Purpose of review: Bicuspid aortic valve is the most common type of cardiac malformation and predisposes to aortic valve calcification, which is the third leading cause of heart disease in adults. These seemingly temporally disparate diseases have been described as having genetic influences but limited data exist on the precise genetic causes in humans. Several advances in the molecular genetics of aortic valve formation and calcification have recently been identified and are described here.

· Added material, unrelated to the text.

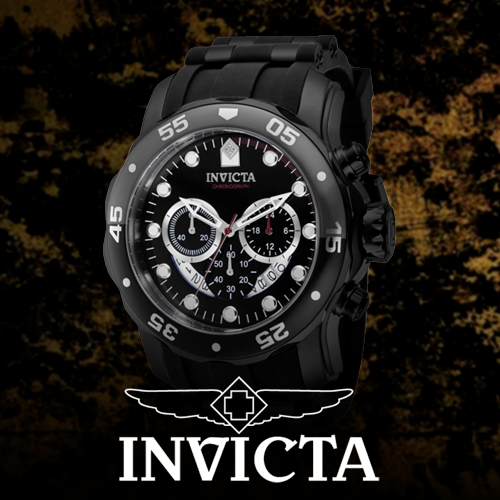 INVICTA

Recent findings: A large family with autosomal-dominant aortic valve disease consisting of bicuspid aortic valve and aortic valve calcification was studied using genome-wide linkage analysis. This led to the identification of a nonsense mutation in NOTCH1 in affected individuals. This finding was supported by the discovery of a NOTCH1 frameshift mutation in an unrelated family with similar aortic valve disease, suggesting that NOTCH1 haploinsufficiency was a genetic cause of aortic valve malformations and calcification. The NOTCH signaling pathway was linked to a molecular pathway for aortic valve calcification, as NOTCH1 was found to repress activation of Runx2 - a transcription factor critical for osteoblast cell fate that is up-regulated in calcified human aortic valves.
Summary: The recent genetic and biochemical findings provide novel insights into the molecular and genetic basis for aortic valve dysmorphogenesis and calcification. Future studies focusing on the identification of additional disease-causing and susceptibility genes will aid in the development of prevention strategies. Ultimately, it will be the careful dissection of these molecular pathways that will hopefully lead to novel therapeutic options.